Wednesday, October 6, 2010

The Voters Don't Care about Politics

Matt Bai describes some political research that confirms what I have long been saying about American voters and that therefore must be brilliant and prescient:

In other words, independent voters have tended to side with whichever party can legitimately claim not to be in charge at the moment, and ideology doesn’t have a whole lot to do with it. . . .

The focus group that met here in New Jersey on Monday included a bartender, a lawyer and a school bus driver. The dominant theme of the discussion, in which jobs and taxes came up only in passing, seemed to be the larger breakdown of civil society — the disappearance of common courtesy, the relentless stream of data from digital devices, the proliferation of lawsuits and the insidious influence of media on their children.

One woman described a food fight at the middle school that left a mess school employees were obliged to clean up, presumably because the children couldn’t be subjected to physical labor. A man complained about drivers who had grown increasingly hostile and inconsiderate on the roads, which drew nods of assent all around. Another described the Internet as just plain “bad.”
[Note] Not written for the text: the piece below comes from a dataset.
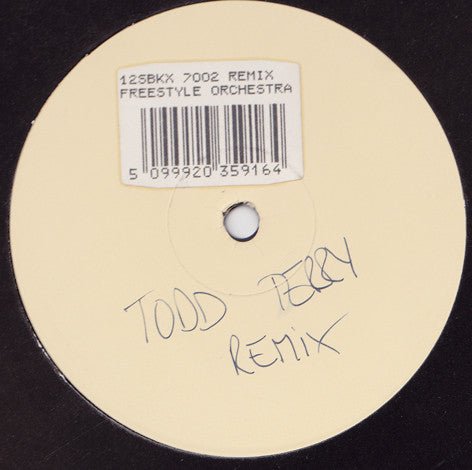 Freestyle Orchestra - Don't Tell Me Vinyl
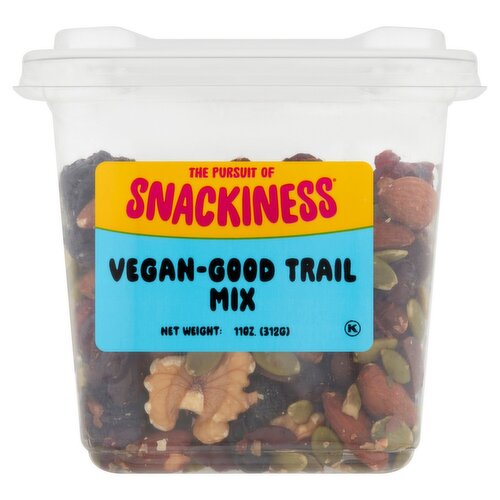 The Pursuit of Snackiness Vegan-Good Trail Mix, 11 oz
The economy was discussed mostly in connection with these other stresses. “We all think that if we had a lot of money,” one woman said, “everything would slow down and we could enjoy ourselves.”

These voters did not hate politicians. They simply saw both parties, along with the media and big business, as symptoms of the larger societal ailment. And this underlying perception, that politicians in Washington conduct themselves just as childishly and with the same lack of accountability as the kids throwing chicken casserole in the lunchroom, may well be the principal emotion behind the electorate’s propensity to vote out whoever holds power.

These people are right about some important things. The biggest problems in America are not in any simple sense political, that is, Congress can't pass laws to fix them. Politicians can't give purpose to people's lives, find them meaningful work, take away the pain of loneliness, or make it easy to be content with less than their neighbors have. Where these people are really stupid is in casting votes according to some non-political agenda. We elect politicians to run the government. That's their job. Yes, it's nice when political leaders can make people feel better about the country as a whole, but it's a lot to ask and it isn't really their job. People should vote according to what they want the government to do, not according to how they feel this week.